Wednesday, November 19, 2014

Haiti on the Hodgepodge

Since I have recently returned from a week-long trip to Haiti, and since I still have a few (hundred) photos to share from our trip, I'm making today's Wednesday Hodgepodge a 'Haiti Edition.' Thanks to Joyce, for asking the questions, and for allowing me to put my own 'twist' on the answers today. Enjoy my answers, then click on the button to visit Joyce and the others.



Here are Joyce's questions and my 'Haiti themed' answers:

1. What's something you take for granted, that when you stop and think about it you feel truly grateful for?

Oh, I don't know….a hot shower? electricity? Nothing like a trip to Haiti to remind you to be grateful. So grateful.

On my last trip to Haiti, in 2012, we stayed in this building.
This time, we stayed here, in an old building which has been newly renovated. Screens in the windows, flush toilets, cold showers, and electricity all night.
Happy and grateful.

2. The color brown-love it or no? What's your favorite shade of brown? Most loved something in your home or closet in a shade of brown?

I love these beautiful faces!
Giggles...
smiles...
hugs.
As for a favorite 'something brown' in my house, I love this bowl that I purchased in Haiti several years ago. It's lovely, for sure, but can't compare to those sweet faces!

3. What's something you're looking forward to today?

Tonight, I will get to direct choir practice with these sweet children. A few weeks ago they made shirts for me to take with me to the kids at the orphanage in Haiti.
And they loved them!!







4. The word 'feminism' is not new, but it has been generating all kinds of headlines in recent days and months. What do you think/feel when you hear the word? If you're a woman, do you want to be described as a feminist? Why or why not?

I'm guessing there isn't a word in Kreyol that means 'feminism,' but I do know the women in Haiti spend their days working. Hard. To feed their families. Do the laundry. Carry the water. Clean their homes.
Which takes me back to question #1 about taking things for granted. And being grateful.
Paulette lives on the side of a mountain with many children. Her husband is a farmer. She does her laundry in a trickle of a river down in the valley. That's her kitchen in the background.
Another woman in her kitchen.
Bath time.
This is our friend Jesula making a Hatian pate (pot-ay) for her American guests.
With the hands of a strong, tender, loving woman. Who knows nothing about feminism. Amen.

5. What's something you personally can't eat without making a mess?

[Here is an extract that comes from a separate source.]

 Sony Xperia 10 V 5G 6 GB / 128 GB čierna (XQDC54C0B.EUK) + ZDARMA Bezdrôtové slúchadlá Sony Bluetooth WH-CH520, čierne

These are the pates, made by Jesula (above), and served to us at the party she hosted at her home while we were visiting. The pate (pronounced pot-ay) is a filled fried pastry similar to a calzone. They are served with pikliz (picklese) on top, which is a spicy cole slaw served as a condiment. So good! And also messy when you're eating it out of a bag. :)
Here is the pate,
and the pikliz being added before they were passed out to the guests.
Speaking of food, this is one of the traditional Haitian meals we enjoyed during our visit. We ate well every day, and were grateful for the food, and for those who prepared it. On this day, the meal included (from the bottom going clockwise): goat, red beans and rice with spicy sauce, fried plantains with pikliz on top, and fresh avocado. Yum!
Of course, because of the goat, I have to share our goat joke (which I may have probably already shared, but bear with me). When Jonathan and Jennifer went to Haiti in the fall of 2010, they were served goat for lunch. Jon ate it and liked it. When dinnertime came, and didn't include meat, Jonathan's comment was, "shoulda had more goat." That phrase was later used in a sermon by our then-pastor, Jimmy, who was with them on that trip. It's become a funny (probably only to us) family phrase.

6. When did you last surprise someone with a little gift or when were you last surprised by someone with a little gift? What was it?

Sister Claudette is one of the Sisters who lives and works in the community of Fondwa. I try to take a little something for my friends there, like soaps and lotion, and I shared some with Sister Claudette.
I also took a few things for our friend Jesula. New dish towels, lotion, a mirror, and some gifts for her children.

7. Share a favorite quote, saying, song lyric or scripture relating to gratitude.

This is the blessing we sing before each meal, in Kreyol.
It means: This food you send to us Father, it is the food of life.
Thanks be to God. Amen.

8.  Insert your own random thought here.

Hopefully, this video will load, and you will be able to view it.
This is a little girl who lives at the orphanage. She wasn't at all shy about singing for us.
Maybe in a few years we can bring her to The Voice!





Have a great day!

6 comments:

Jhona Oberholtzer said...

OH, I loved listening to her beautiful voice and seeing her smile! Your post really helps put things into perspective and I appreciate all of the photos. You are a blessing!

edshunnybunny said...

I enjoyed your photos and your 'Haitian Twist' to the questions today :)
You really made me count my blessings.

Joyce said...

What a wonderful post! My favorite HP ever! I enjoyed this peek into the culture and countryside. Made me think of that old song, 'Jesus loves the little children, all the children of the world...' A heaping helping of perspective here today dosed out gently : )

Cathy said...

What a cute video! So sweet.

Seeing what they have and that they are so willing to share, reminds me to be thankful for all I have.

Terri D said...

A great Hodgepodge, and your answers are blessings.

Tori Leslie said...

What an incredible opportunity. I love your photos and those faces are unforgettable. It's wonderful that you took time to be a blessing. Missions has a special place in my heart. BTw, love the blog and I followed, I'll be back!